(Information shown Opens)

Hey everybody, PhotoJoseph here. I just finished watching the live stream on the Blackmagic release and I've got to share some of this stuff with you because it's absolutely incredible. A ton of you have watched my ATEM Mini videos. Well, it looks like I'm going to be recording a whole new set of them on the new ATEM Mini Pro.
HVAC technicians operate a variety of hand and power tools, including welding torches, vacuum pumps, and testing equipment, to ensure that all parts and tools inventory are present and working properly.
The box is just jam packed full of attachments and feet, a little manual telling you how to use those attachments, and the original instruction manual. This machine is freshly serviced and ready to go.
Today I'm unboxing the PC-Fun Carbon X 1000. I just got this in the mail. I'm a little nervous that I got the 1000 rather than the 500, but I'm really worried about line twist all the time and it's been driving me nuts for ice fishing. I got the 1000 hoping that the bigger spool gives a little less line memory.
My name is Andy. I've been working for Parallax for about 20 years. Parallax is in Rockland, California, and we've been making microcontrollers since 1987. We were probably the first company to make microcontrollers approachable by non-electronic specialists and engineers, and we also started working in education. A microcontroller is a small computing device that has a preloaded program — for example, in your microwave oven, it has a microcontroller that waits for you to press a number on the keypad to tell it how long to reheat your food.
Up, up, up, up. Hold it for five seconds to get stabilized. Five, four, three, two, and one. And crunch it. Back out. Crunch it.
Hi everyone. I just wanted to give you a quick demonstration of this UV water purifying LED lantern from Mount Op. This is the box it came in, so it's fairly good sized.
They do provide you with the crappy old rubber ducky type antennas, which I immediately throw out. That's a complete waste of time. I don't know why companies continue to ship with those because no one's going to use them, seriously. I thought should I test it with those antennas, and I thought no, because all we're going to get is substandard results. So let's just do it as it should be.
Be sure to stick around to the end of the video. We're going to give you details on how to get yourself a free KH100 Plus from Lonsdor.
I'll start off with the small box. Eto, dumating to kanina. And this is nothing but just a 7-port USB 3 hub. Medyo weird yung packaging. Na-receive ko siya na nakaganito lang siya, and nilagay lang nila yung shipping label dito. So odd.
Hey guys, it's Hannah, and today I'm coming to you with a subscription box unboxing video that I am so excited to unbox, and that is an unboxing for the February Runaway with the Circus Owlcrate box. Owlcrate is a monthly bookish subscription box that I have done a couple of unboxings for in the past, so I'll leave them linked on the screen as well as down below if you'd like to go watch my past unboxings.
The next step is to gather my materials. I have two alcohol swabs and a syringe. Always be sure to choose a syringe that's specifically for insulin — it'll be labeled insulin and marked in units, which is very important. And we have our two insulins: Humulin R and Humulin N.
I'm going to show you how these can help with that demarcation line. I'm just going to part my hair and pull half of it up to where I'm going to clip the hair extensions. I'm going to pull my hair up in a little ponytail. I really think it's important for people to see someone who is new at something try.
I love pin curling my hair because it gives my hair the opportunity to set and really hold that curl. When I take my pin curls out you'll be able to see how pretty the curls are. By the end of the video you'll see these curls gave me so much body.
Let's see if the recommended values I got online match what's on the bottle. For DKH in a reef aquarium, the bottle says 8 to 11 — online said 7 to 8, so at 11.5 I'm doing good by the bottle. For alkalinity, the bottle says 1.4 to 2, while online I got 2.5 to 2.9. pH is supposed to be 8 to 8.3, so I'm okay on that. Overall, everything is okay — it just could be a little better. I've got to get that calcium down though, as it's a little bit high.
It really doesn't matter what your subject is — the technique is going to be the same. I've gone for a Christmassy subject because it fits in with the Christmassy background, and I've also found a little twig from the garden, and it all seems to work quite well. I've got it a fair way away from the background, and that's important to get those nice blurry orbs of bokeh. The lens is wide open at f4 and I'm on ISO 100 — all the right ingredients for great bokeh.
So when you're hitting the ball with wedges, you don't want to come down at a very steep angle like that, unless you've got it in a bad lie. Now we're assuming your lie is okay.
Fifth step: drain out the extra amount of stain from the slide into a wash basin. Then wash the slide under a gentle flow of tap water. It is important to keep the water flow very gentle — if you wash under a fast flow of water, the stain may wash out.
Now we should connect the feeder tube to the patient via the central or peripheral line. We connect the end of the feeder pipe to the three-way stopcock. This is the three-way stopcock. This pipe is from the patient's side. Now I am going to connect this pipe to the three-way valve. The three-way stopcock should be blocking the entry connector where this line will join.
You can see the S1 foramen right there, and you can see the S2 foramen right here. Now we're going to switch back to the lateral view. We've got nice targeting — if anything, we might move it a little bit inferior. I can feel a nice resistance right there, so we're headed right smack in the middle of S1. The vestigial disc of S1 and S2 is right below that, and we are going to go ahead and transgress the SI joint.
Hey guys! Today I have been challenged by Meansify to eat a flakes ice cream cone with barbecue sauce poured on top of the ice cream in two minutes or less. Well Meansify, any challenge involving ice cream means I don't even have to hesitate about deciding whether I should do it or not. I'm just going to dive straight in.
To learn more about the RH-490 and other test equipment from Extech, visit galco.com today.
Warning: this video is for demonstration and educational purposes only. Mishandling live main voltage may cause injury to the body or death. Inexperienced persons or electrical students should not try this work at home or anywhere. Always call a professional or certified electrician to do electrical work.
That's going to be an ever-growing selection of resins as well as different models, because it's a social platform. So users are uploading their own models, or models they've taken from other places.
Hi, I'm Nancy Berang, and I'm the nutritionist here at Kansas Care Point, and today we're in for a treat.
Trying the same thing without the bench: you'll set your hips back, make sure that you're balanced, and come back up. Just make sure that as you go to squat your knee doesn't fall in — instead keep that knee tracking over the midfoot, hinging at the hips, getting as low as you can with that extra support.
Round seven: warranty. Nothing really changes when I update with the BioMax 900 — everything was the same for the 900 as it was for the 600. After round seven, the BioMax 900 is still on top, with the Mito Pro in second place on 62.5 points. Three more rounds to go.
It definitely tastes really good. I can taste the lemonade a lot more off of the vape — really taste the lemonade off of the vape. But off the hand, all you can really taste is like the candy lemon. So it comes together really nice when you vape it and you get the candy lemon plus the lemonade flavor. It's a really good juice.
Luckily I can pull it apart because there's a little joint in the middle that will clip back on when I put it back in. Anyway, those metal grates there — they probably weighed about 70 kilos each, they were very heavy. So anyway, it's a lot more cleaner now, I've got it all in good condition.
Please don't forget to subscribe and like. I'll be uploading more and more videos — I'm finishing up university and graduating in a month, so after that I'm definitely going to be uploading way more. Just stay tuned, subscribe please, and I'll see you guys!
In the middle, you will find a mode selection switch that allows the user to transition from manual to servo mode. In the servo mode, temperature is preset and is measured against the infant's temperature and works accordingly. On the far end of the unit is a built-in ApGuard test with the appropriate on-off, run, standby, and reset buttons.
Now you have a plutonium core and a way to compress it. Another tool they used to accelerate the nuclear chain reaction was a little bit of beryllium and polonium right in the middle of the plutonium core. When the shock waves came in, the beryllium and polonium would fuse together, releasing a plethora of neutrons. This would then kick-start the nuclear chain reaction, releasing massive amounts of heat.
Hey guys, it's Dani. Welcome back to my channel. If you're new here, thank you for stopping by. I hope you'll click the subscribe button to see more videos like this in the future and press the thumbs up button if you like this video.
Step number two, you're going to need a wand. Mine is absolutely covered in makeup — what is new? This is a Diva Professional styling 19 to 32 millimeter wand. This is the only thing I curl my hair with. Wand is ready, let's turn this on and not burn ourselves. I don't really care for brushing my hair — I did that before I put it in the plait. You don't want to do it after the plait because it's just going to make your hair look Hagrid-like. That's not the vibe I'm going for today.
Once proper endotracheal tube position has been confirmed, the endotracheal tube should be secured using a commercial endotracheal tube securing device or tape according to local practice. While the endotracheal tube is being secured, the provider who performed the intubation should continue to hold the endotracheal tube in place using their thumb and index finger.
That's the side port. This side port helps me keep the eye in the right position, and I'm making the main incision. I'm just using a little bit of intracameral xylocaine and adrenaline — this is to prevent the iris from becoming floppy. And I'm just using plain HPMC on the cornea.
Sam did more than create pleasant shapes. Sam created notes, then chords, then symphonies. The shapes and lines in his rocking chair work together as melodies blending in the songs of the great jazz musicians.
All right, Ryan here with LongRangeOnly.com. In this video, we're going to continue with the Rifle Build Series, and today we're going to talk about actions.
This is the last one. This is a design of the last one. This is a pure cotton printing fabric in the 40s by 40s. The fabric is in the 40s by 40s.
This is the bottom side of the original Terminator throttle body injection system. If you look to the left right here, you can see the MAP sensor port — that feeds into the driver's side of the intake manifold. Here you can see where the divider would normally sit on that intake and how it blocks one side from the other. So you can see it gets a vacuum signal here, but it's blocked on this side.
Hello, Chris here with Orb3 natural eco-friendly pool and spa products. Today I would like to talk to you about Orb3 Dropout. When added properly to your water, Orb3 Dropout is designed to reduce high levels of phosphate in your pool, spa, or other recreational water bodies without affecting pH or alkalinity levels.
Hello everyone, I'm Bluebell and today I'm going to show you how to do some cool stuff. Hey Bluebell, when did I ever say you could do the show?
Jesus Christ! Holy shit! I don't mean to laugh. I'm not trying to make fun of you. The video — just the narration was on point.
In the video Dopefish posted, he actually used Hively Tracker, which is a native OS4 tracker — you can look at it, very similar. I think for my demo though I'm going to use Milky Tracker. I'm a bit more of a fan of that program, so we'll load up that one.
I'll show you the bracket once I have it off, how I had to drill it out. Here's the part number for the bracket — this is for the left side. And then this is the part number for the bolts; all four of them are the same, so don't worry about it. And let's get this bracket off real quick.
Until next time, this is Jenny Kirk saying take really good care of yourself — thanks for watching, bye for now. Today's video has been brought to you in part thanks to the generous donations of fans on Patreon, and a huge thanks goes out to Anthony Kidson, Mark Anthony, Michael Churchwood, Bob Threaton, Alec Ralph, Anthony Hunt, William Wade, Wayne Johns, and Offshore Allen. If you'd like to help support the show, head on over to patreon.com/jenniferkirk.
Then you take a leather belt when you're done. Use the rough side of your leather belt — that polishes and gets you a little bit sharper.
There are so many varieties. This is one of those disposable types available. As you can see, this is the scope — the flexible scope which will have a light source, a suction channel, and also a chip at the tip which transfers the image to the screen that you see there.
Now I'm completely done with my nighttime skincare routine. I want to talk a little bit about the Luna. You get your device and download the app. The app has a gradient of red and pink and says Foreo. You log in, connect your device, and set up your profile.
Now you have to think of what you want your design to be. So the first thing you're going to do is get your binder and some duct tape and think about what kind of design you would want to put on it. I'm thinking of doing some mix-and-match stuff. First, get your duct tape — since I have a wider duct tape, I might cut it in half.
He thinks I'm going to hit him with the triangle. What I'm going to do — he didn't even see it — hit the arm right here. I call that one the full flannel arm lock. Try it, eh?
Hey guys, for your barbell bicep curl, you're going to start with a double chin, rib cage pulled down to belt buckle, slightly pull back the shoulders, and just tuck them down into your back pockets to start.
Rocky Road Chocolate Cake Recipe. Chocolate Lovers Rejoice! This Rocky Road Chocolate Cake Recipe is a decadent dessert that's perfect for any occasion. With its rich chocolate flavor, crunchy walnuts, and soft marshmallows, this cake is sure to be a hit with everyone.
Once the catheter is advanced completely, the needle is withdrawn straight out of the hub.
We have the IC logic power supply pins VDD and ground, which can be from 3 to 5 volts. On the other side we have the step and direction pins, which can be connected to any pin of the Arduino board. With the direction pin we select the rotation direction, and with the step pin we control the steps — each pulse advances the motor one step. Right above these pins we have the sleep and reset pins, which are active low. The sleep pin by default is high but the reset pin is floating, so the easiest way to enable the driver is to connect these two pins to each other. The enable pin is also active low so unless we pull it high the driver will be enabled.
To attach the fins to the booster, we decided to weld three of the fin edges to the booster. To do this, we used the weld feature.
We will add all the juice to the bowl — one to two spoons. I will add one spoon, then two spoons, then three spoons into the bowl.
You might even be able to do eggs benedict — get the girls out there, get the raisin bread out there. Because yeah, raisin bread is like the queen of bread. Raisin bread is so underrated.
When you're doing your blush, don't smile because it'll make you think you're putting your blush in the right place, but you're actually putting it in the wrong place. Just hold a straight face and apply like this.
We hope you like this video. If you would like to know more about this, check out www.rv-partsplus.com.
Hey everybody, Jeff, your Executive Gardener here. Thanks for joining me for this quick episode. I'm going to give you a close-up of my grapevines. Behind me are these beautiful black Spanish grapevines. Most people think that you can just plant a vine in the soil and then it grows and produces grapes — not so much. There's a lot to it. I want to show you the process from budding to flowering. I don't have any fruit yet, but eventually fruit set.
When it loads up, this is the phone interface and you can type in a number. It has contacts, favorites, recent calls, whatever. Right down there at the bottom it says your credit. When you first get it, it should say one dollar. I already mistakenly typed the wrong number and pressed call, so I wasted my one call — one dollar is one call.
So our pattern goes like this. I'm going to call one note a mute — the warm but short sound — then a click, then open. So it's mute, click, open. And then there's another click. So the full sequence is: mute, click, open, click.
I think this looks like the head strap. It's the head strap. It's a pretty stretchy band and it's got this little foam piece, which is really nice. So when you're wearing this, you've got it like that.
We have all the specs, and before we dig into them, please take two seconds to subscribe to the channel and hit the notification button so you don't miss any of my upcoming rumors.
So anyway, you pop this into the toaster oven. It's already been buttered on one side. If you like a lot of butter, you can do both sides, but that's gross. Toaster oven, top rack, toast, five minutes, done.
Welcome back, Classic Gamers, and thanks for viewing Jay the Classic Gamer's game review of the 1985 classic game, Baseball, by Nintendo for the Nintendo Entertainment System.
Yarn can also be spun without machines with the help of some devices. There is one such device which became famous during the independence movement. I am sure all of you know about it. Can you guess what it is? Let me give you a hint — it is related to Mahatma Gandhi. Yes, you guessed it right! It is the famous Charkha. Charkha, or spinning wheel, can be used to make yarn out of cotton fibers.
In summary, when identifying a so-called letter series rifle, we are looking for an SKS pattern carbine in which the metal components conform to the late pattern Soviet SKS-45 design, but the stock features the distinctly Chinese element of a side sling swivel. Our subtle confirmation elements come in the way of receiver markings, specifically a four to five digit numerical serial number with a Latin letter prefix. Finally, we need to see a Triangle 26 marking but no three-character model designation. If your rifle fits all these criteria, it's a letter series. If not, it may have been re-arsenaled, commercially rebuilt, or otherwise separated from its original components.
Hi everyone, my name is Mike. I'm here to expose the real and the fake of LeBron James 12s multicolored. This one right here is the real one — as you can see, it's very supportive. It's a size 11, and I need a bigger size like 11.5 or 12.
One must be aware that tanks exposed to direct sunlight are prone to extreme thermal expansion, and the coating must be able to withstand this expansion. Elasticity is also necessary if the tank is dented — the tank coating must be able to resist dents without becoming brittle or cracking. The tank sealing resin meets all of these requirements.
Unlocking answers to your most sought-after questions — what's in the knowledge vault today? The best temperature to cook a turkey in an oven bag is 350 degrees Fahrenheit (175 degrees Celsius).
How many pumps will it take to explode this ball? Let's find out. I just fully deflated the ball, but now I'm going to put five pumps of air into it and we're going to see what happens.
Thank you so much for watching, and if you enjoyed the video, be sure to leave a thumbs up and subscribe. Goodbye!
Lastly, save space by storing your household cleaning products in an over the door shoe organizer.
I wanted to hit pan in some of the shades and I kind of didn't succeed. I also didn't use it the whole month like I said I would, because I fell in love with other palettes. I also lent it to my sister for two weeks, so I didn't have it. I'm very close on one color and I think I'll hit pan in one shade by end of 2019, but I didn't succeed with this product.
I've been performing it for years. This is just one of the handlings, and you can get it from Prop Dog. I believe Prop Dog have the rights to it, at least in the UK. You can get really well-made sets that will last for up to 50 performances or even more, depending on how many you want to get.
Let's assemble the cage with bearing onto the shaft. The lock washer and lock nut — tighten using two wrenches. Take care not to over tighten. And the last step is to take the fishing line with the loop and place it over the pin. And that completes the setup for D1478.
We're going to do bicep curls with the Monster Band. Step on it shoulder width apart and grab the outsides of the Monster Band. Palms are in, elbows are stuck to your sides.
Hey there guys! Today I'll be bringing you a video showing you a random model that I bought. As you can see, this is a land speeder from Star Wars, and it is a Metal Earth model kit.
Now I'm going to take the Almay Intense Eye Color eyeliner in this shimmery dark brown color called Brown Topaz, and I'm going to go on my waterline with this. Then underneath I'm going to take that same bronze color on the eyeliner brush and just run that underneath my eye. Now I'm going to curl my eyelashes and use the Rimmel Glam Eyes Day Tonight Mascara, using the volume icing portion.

(Information shown Closes)

* Exercise requirements *
From the opening line of the data above, please print each line as written up to and including the line that contains "Today I'm unboxing", and nothing more.

* Exercise solution *
Hey everybody, PhotoJoseph here. I just finished watching the live stream on the Blackmagic release and I've got to share some of this stuff with you because it's absolutely incredible. A ton of you have watched my ATEM Mini videos. Well, it looks like I'm going to be recording a whole new set of them on the new ATEM Mini Pro.
HVAC technicians operate a variety of hand and power tools, including welding torches, vacuum pumps, and testing equipment, to ensure that all parts and tools inventory are present and working properly.
The box is just jam packed full of attachments and feet, a little manual telling you how to use those attachments, and the original instruction manual. This machine is freshly serviced and ready to go.
Today I'm unboxing the PC-Fun Carbon X 1000. I just got this in the mail. I'm a little nervous that I got the 1000 rather than the 500, but I'm really worried about line twist all the time and it's been driving me nuts for ice fishing. I got the 1000 hoping that the bigger spool gives a little less line memory.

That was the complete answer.